Indépendamment de quelques acceptations toutes spéciales, le mot buffet a servi à désigner, d'une façon courante, des objets fort différents d'origine et d'usage, mais présentant cependant entre eux un lien facile à saisir.
Tout d'abord, le buffet est un meuble fixe, du même genre que l'armoire, et qui semble, aux auteurs du XIVe siècle, indispensable à toue installation confortable.
Mais, si l'on est d'accord sur son utilité, sa forme, par contre, est moins facile à déterminer.
Parfois, il se compose simplement de tablettes superposées, soutenues par des colonnes surmontées d'un sorte de dais; alors, il a presque l'aspect d'un dressoir et se confond avec lui.

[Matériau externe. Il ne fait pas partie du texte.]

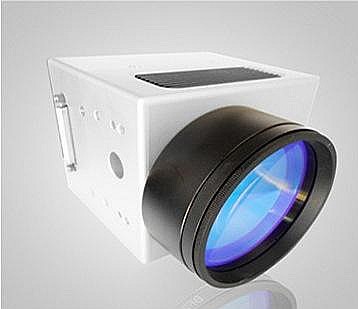 光纖激光打標(biāo)位圖和矢量圖教程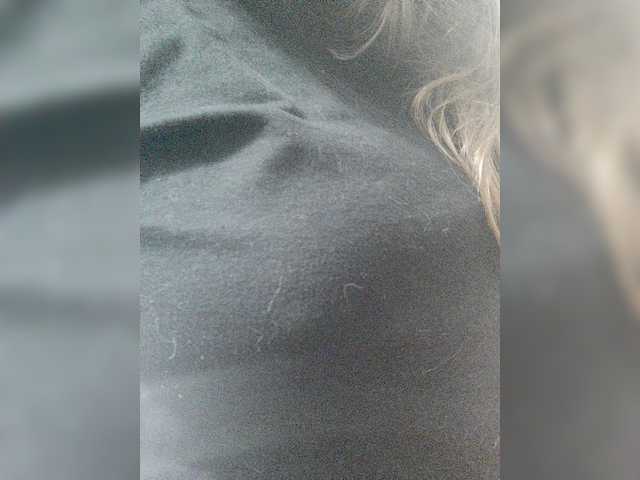 Misssexyberry live cam on BongaCams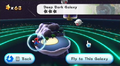 Thumbnail for version as of 18:41, September 27, 2009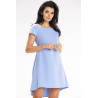 Robe de jour awama 195871
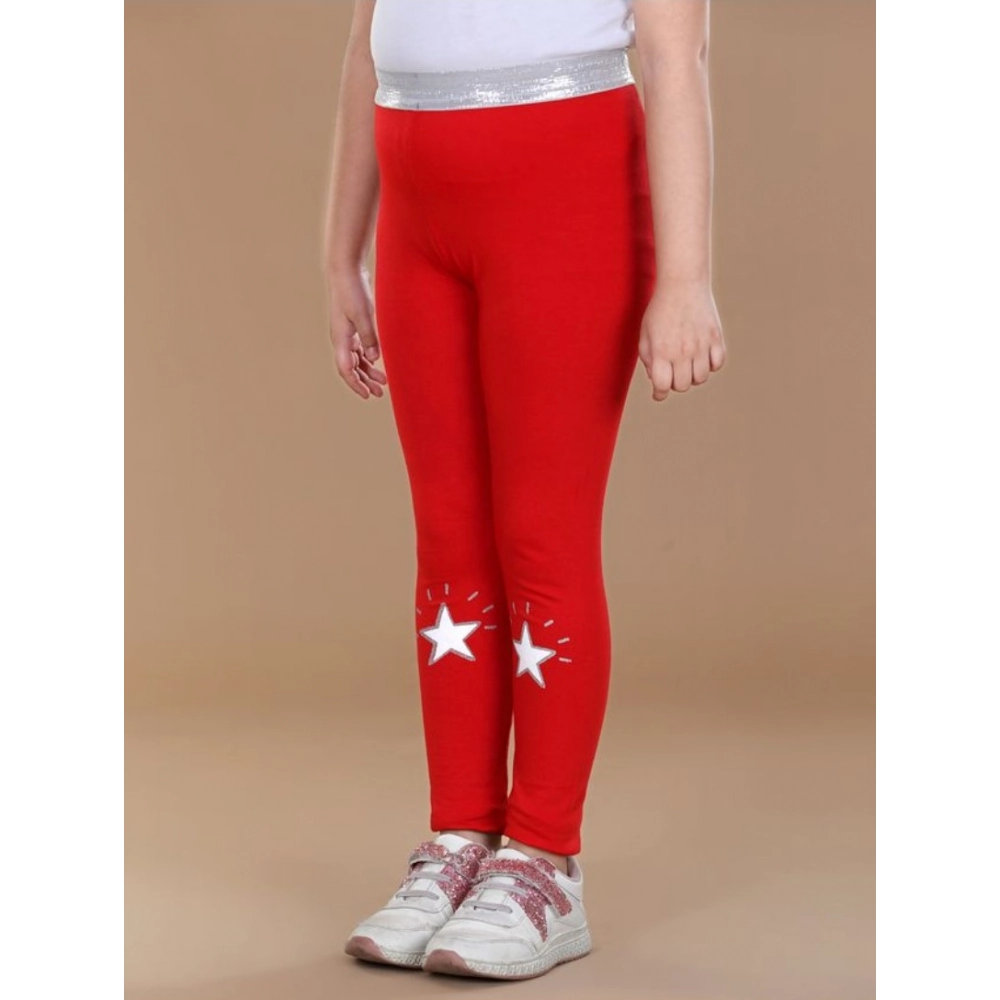 PID-66121-Girl-s-Elasticated-Star-Print-Leggings-Red-2-1000x1000-1.webp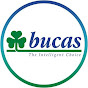 Bucas Rugs logo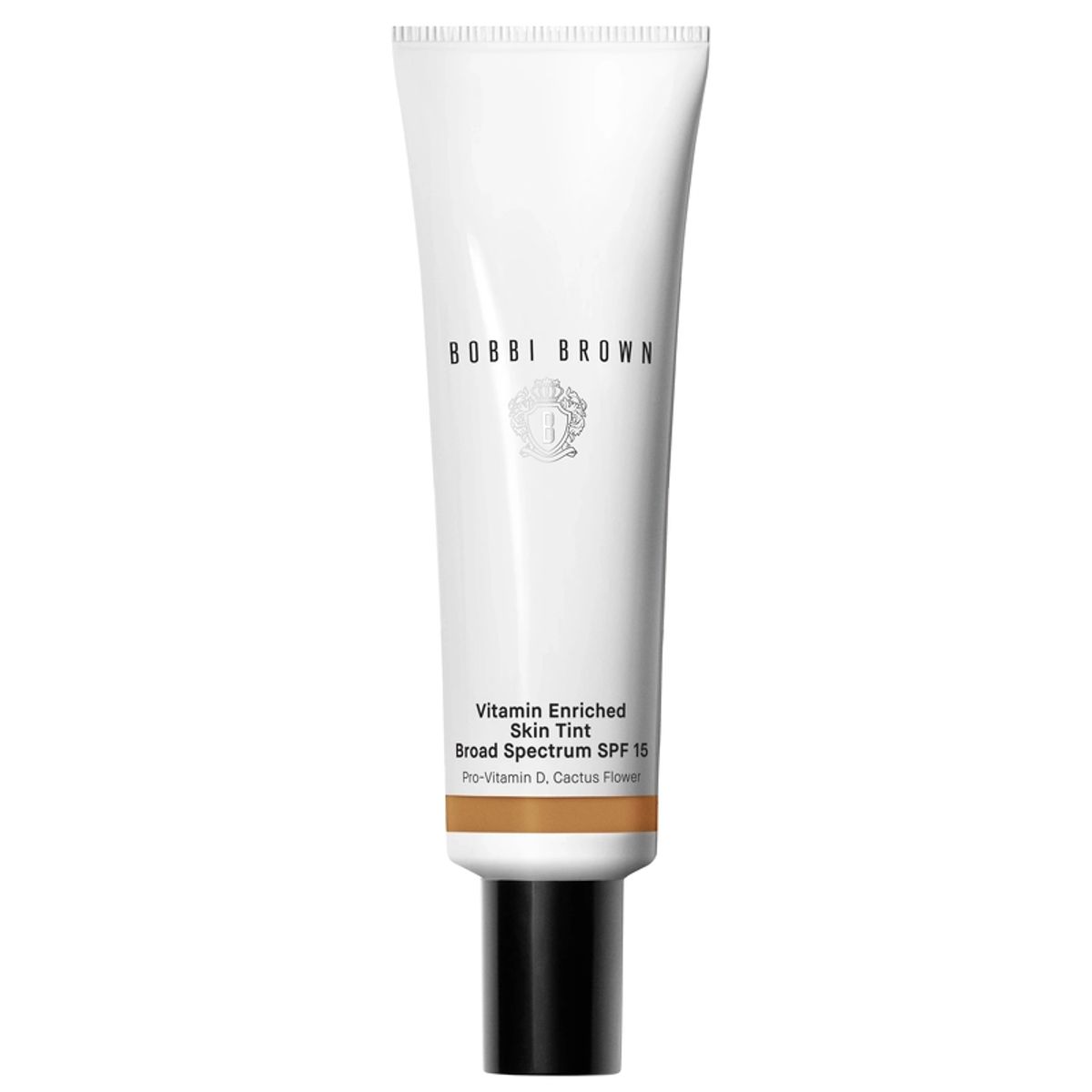 Bobbi Brown Vitamin Enriched Skin Tint SPF 15 50 ml - Golden 4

D'autres fois, on lui adjoint un coffre qui, porté sur des colonnettes, sert lui-même de base aux étages successifs qui, se dressant en pyramide, sont destinés à l'étalage de la vaisselle de prix. C'est ce qu'on appelle, dans le language du temps, un buffet avec armoires, terme très fréquemment employé dans les anciens inventaires.
buffet deux corps à retrait Louis XIII
Petit buffet deux corps
Si le buffet avait été seulement admis dans la pièce réservée aux repas, nous nous trouverions, grâce à ces descriptions, en présence d'un type de meuble stable et facile à définir. Au bas, un plancher reposant sur quatre pieds ou boules; au premier étage, un corps d'armoire ouvrant à un ou plusieurs guichets; enfin, au-dessus de l'armoire, soit une tablette sur laquelle on peut placer les flacons, plats, etc... soit une étagère à plusieurs degrés.
Mais au XVe, pas plus qu'au XVIe siècle, il n'y avait , dans les habitations les plus distinguées, de salle à manger proprement dite. Les bourgeois mangeaient dans la cuisine. La plupart des seigneurs, et même les plus hauts personnages, prenaient leurs repas dans la chambre ou ils reposaient. Et la présence du buffet dans la chambre à coucher de cette époque entraînait son adaptation à des usages assez éloignés de la table et de son service.
Ajoutons que, le plus souvent, le buffet de chambre avait une parure plus en harmonie avec sa destination première. Conséquence naturelle de son admission dans cette pièce, le buffet dut se plier à de nouveaux services et prendre un forme plus compliquée. Il multiplia les "layettes" ou tiroirs, ou encore il se couvrit de sculptures gracieuses ou fantasques, et finalement revêtit cette forme qui, à travers des vicissitudes assez nombreuses, est parvenue presque intacte jusqu'à nos jours.
Mais, il ne faut pas l'oublier, le caractère essentiel du buffet, au XVIe et XVIIe siècle, ce qui doit le distinguer encore, c'est qu'il participe plus ou moins directement du dressoir.
Au XVIIIe siècle, le buffet subit une éclipse passagère. Pendant un temps assez court, il disparut des intérieurs parisiens. on avait fabriqué des Bas de Buffet dont la forme était à peu prés identique à celle des bas d'armoire, également en vogue. Un écrivain de cette époque , Sobry, dans son livre de l'Architecture, constate, dans les termes qui suivent, cette révolution momentanée: "Les buffets sont des meubles de réfectoire, ou l'on étale des vases riches propres aux festins. L'usage de ce meuble commence à cesser en France, quoique tous les peuples étrangers le gardent. Peut-être y reviendrons-nous. En attendant, nous nous servons de buffets à hauteur d'appui, couverts de tables de marbre ou l'on entrepose les plats." Réduit à ces dimensions modestes, le buffet avait trouvé asile même chez les plus élégantes.
Buffet de chasse
Buffet Louis XVI
Au XIXe siècle, le bas de buffet, à son tour, a presque disparu et suivant la prédiction de Sobry, ce meuble affecte de nouveau la disposition qui le rapprochait de l'ancien dressoir. Soit qu'il surmonte son corps inférieur d'une étagère ornée de trois ou quatre tablettes, soit qu'il se complète par un corps supérieur presque toujours vitré, laissant voir la vaisselle plate ou montée, disposée en bel ordre, sa destination première est redevenue bien apparente. Enfin, dans ces derniers temps, on a eu l'idée dé séparer le corps du bas de celui du haut par un espace libre, dans lequel on peut introduire les plats et les bouteilles. Cet espace libre, qui aide beaucoup au service de la table, et qui se nomme Cave, constitue une innovation plus heureuse que, les salles à manger du XIXe siècle étant fort étroites, les buffets sont forcément tenus par les ébénistes aussi plats que possible.